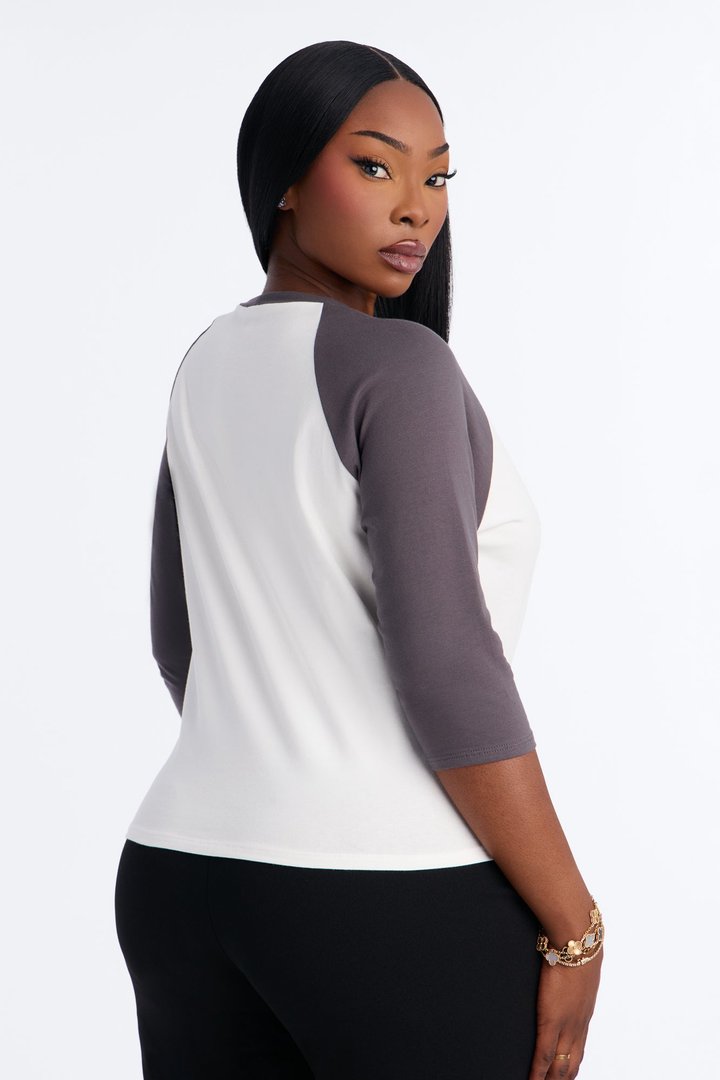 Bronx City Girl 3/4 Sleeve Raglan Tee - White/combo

--

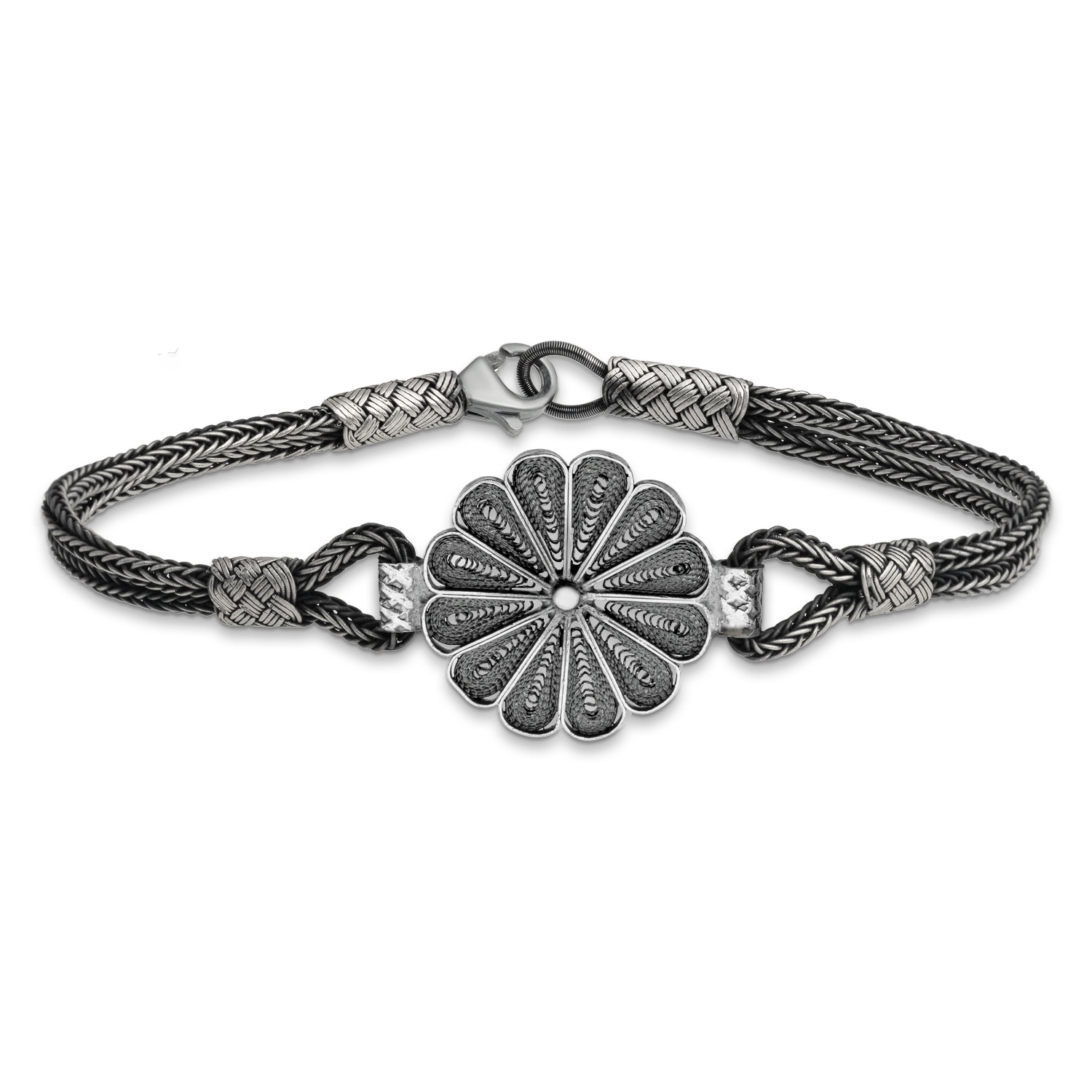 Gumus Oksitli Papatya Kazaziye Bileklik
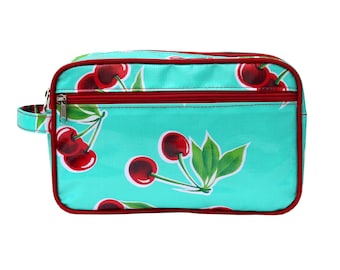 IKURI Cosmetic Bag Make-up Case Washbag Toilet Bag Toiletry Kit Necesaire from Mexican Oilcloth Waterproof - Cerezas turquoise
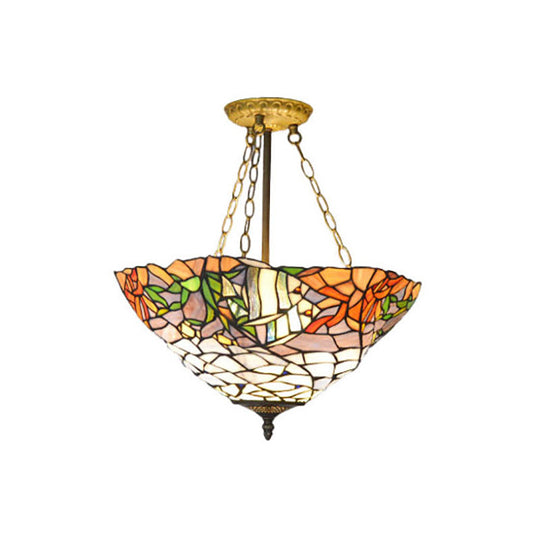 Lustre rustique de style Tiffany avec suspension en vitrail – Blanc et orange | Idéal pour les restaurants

> What to work on
Everything between and including the line above containing "IKURI Cosmetic Bag" and the line containing "Lustre rustique de" should be reproduced exactly, with pictures excluded.

> Response
 IKURI Cosmetic Bag Make-up Case Washbag Toilet Bag Toiletry Kit Necesaire from Mexican Oilcloth Waterproof - Cerezas turquoise
 Lustre rustique de style Tiffany avec suspension en vitrail – Blanc et orange | Idéal pour les restaurants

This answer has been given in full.